With this contour specified, how can the integral $\int\limits_{-\infty}^{\infty}dx \frac{e^{-ixt}}{x^2-a^2}$ be equal to $0$?

Question

• Consider the integral $$I=\int\limits_{-\infty}^{\infty}dx \frac{e^{-ixt}}{x^2-a^2}=\int\limits_{-\infty}^{\infty}dx \frac{\cos(xt)}{x^2-a^2}$$ for $t<0$ and $a>0$. The integrand has poles at $x=\pm a$ on the real axis. We can use contour integral to evaluate this.

• Let us choose a contour that lies entirely in the upper half of the complex plane. Let the contour be so indented that the smaller semicircles $C_1$ and $C_2$, each of radius $\epsilon$, goes over the poles at $x=\pm a$, and the larger semicircle $\Gamma$ also lies in the upper half of the complex plane (so that contribution from it vanishes).

• With this choice of contour, I want to show that $I=0$. This is a famous integral that arises in solving the wave equation by the method of Green's function. But my physics textbooks do not work out this integral explicitly, by considering different parts of the contour piece by piece.
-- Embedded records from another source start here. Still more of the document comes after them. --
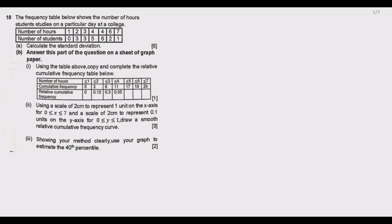Welcome to today's session. We continue looking at the 2022 GCE Mathematics Paper 2. Question 10 is from statistics. It reads: the frequency table below shows the number of hours students study on a particular day at a college. We have the number of hours and the number of students. Part (a) asks us to calculate the standard deviation.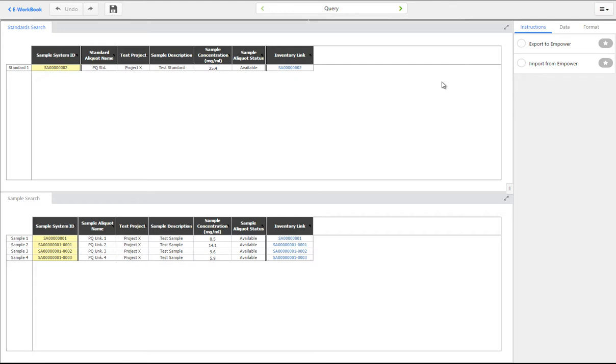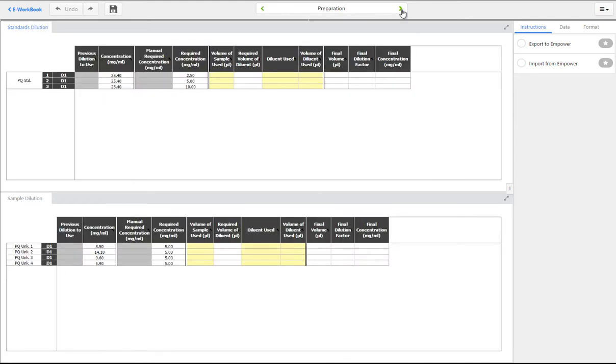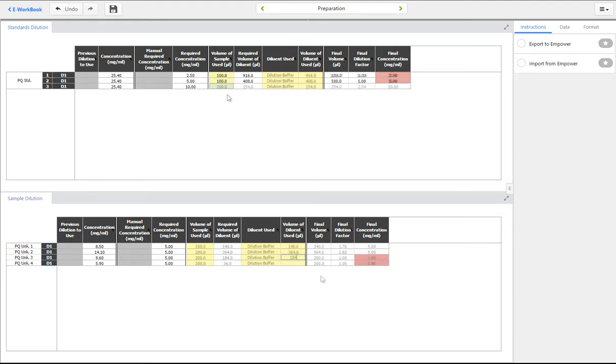The information about your samples can be retrieved from your inventory system and any preparation steps recorded as defined in your eWorkbook spreadsheet template.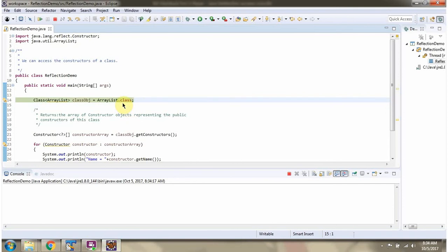Here using .class syntax I have created class object of ArrayList class.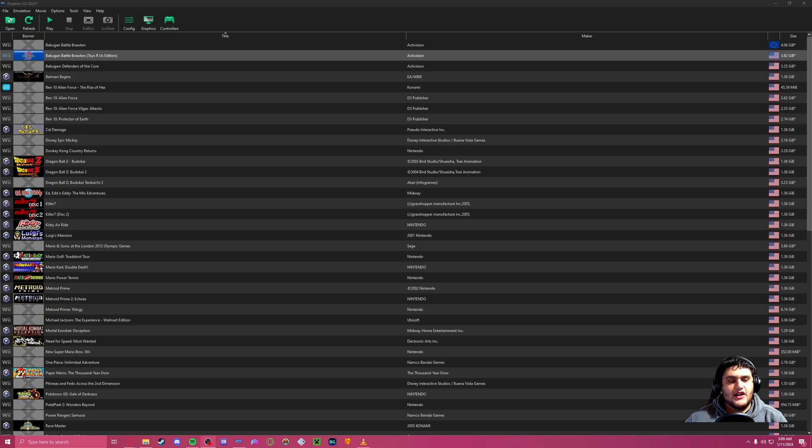Hey, what's going on guys? The Venice Dragon aka Ventus and we're back with Dolphin. We're going to do a tutorial on how to upscale your games.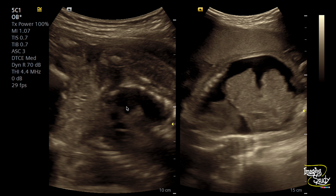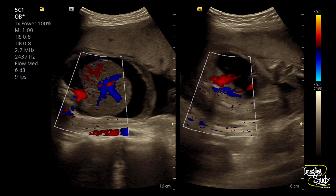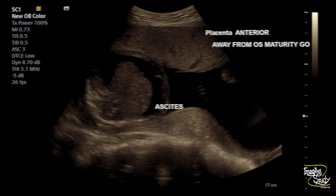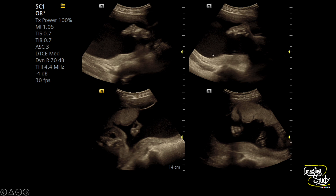Another picture shows pleural effusion with generalized thickening of the fetal skin. On color Doppler imaging, you can see very prominent hepatic veins, which drew our attention and led us to suspect cardiac abnormality — especially cardiac failure. There was an increased amount of amniotic fluid, and fetal ascites was present. You can see four pockets showing a huge amount of fluid.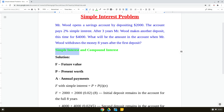In compound interest, you earn interest on the principal amount you invested as well as the interest earned subsequently. For example, if you invest $100 at 5% compounded interest, in year one you earn $5. But at the beginning of year two you now have $105 invested, so you get interest on $105 — on the principal as well as the interest earned in the previous year.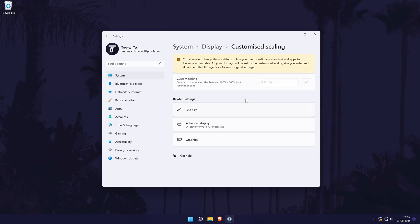There are also some more helpful related settings in here that you can access, such as changing the text size separately.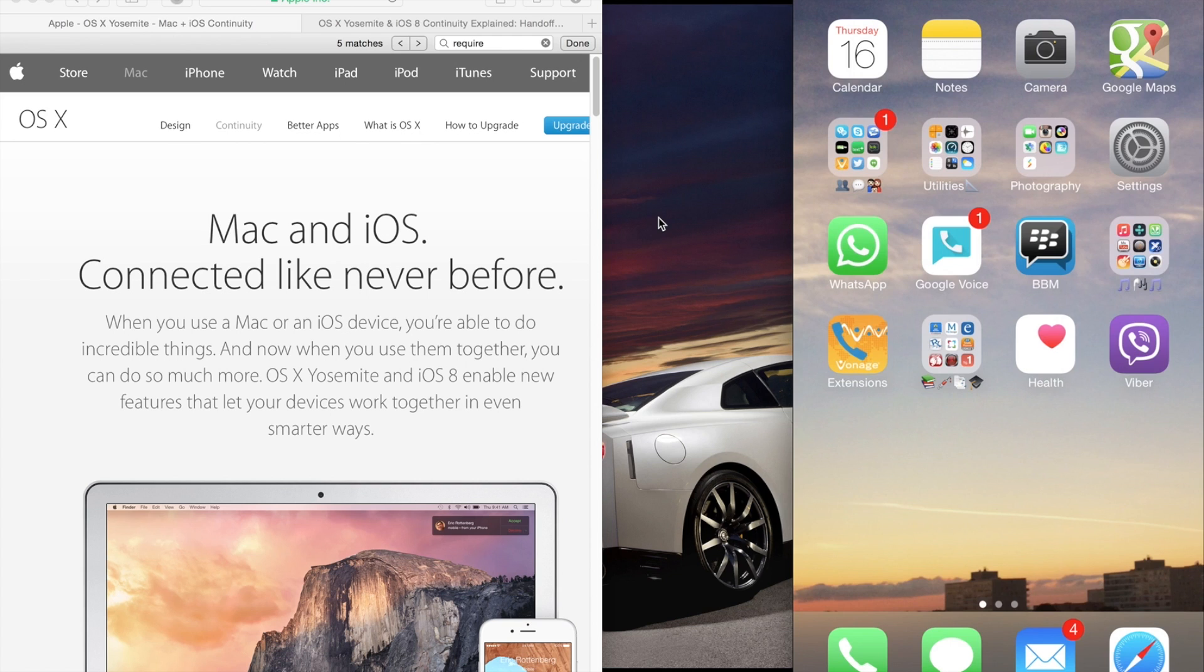Hey guys, Sam here. I just finished installing OSX Yosemite on my MacBook Pro and I'm excited to talk about the new feature called continuity and handoff.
See page 125, figure 50 here.

• For this contour, using residue theorem and Jordan's lemma, gives (schematically),

$$0=\int\limits_{-\infty}^{-a-\varepsilon} +\int\limits_{-a-\varepsilon}^{-a+\varepsilon}+\int\limits_{-a+\varepsilon}^{a-\varepsilon}+\int\limits_{a-\varepsilon}^{a+\varepsilon} +\int\limits_{a+\varepsilon}^{+\infty}.$$

In the limit, $\varepsilon\to 0$, the sum of the 1st, 3rd and fifth integrals reduce to the required integral I. Thus, $$I+\int\limits_{-a-\varepsilon}^{-a+\varepsilon}+\int\limits_{a-\varepsilon}^{a+\varepsilon}=0.$$ Therefore, in the limit $\varepsilon\to 0$, $$I=i\pi{\rm Res}_f(z=+a)+i\pi{\rm Res}_f(z=+a)\\ =i\pi\left(\frac{e^{-iat}}{2a}\right)+i\pi\left(\frac{e^{iat}}{-2a}\right)\\ =\frac{\pi}{a}\sin(at).$$

This video suggests that the required integral is nonzero. But it does not agree with the notes I linked. What is going on?

Answer 1

Use twice the corollary to the lemma given in the most upvoted answer here: Definite integral calculation with poles at $0$ and $\pm i\sqrt{3}$

Thus, we get, on corresponding little semicircles around $\;z=\pm a\;$ , that

$$Res_f(z=\pm a)=\lim_{z\to\pm a}(z\pm a)f(z)=\begin{cases}\cfrac{e^{-iat}}{2a}\\{}\\\cfrac {e^{iat}}{-2a}\end{cases}$$

But we only want the real part of the above (since the integral for the imaignary part vanishes for sure since we get an odd function on a convergent imporper integral on the whole real line), and thus we get that the residues are

$$\frac{\cos at}{\pm2a}$$

and from here the integral vanishes.

Answer 2

$\def\o{\omega}$ I assume you mean the following quotation:

Let’s first look at the case with $t<0$. Here, $e^{-i\o t}\to 0$ when $\o\to+i\infty$. This means that, for $t<0$, we can close the contour $C$ in the upper-half plane as shown in the figure and the extra semi-circle doesn’t give rise to any further contribution. But there are no poles in the upper-half plane. This means that, by the Cauchy residue theorem, $G_\text{ret}(\mathbf {r},t)=0$ when $t<0$.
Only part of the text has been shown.